In this article I’ld like to point out, why “written in Ruby” is a pro and never a con for each Ruby related software, e.g. interpreter, libraries and IDE.

In her daily life a ruby programmer probably prefers c-libraries over native ruby ones, because of their tremendous speed advatages. Nobody likes to compare Rexml with libxml on that battle ground. But the usage of non-native tools hampers Ruby’s general development. The need to improve the interpreters speed decreases. The quality of libraries may not be reviewed, like it could when written in a language every user of it understand.
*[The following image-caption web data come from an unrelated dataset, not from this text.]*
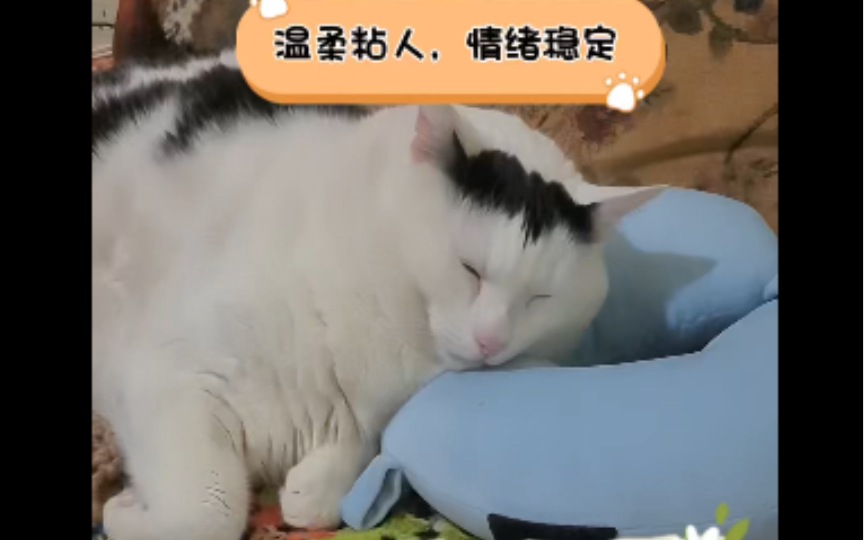 【huh猫睡觉合集】情绪稳定,温柔粘人哔哩哔哩bilibili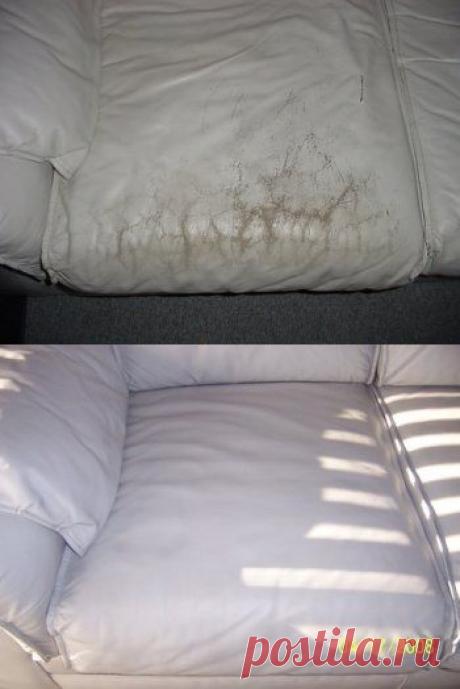 Уход за кожаной мебелью. Как избежать выцветания и трещин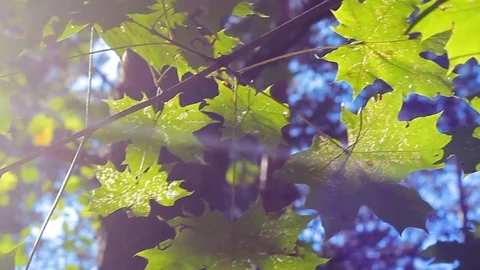 Green background with maple leaves. The sun's rays shine on the leaves of the Stock Footage 115118129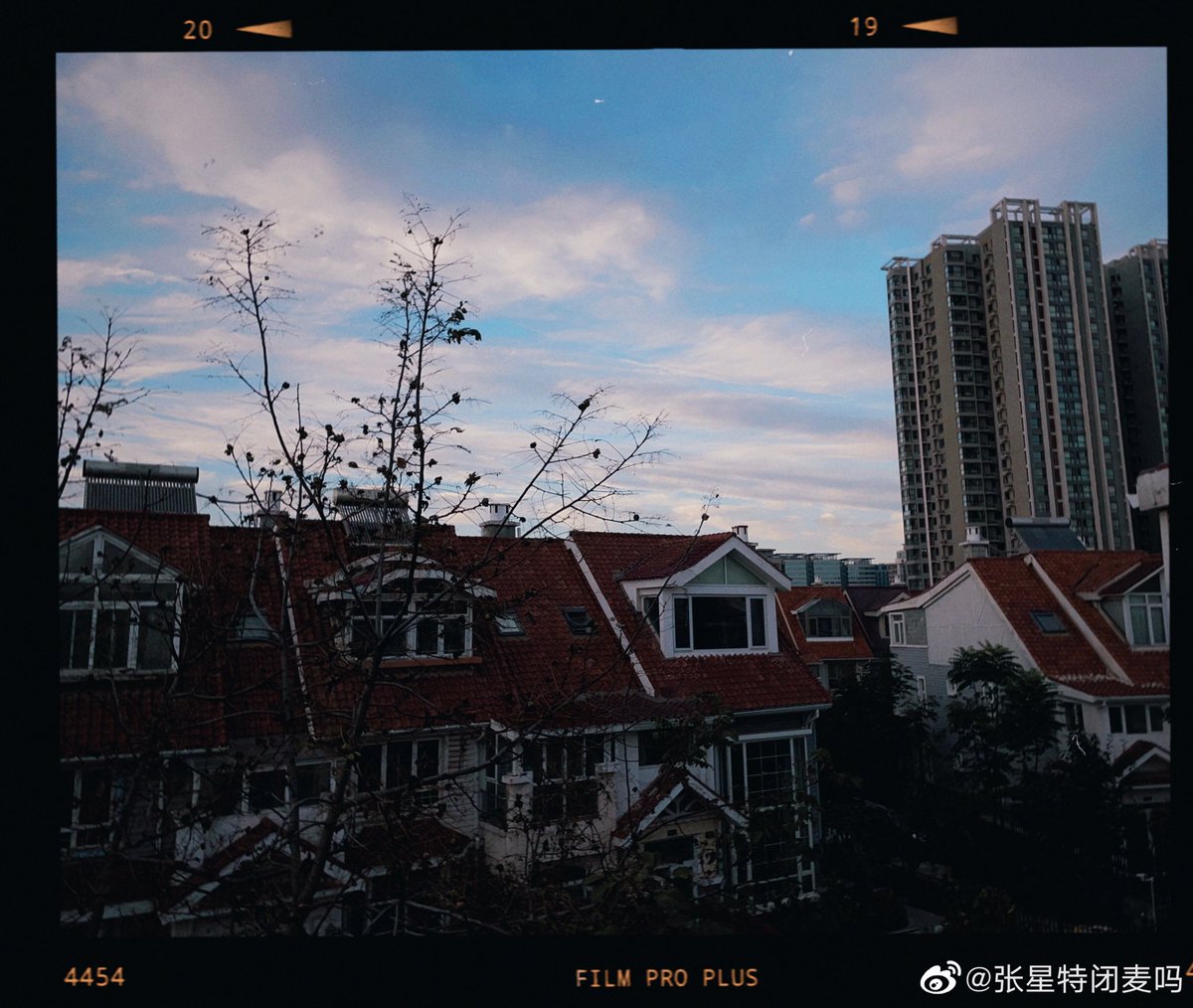 forxingte's tweet photo. 211011 ♡ weibo update (1)

— #ZhangXingte #张星特 https://t.co/B89eI82rot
I’d like to cite popular examples here: Lisp and Smalltalk. Both based on a really really really small core written in whatever language and afterwards bootstrapped to be implemented in itself, running on byte code (I have no problem with a speedy AST interpreter, but I haven’t seen one yet). Each and every Smalltalk user is able to change the inner windings of its standard library without speed loss usage of RubyInline (which is really great by the way, although I would feel better, if we wouldn’t need it). This is where I would love to se Ruby in 2 to 5 years. And that is why I would prefer the Rubinius approach over YARV. Even porting the AST to Smalltalk byte code, as Avi Bryant proposes it, could work well. Just get rid of this old school c code, please.

But I will have a look on that in the future and comment on it, as something happens.

post: Did I mention, that the above statements are the reason, why this blog uses mephisto and not wordpress, although its feature set is more promising and the performance outstanding in comparison. Apache is c but mongrel is said to be Ruby in large parts although I didn’t check.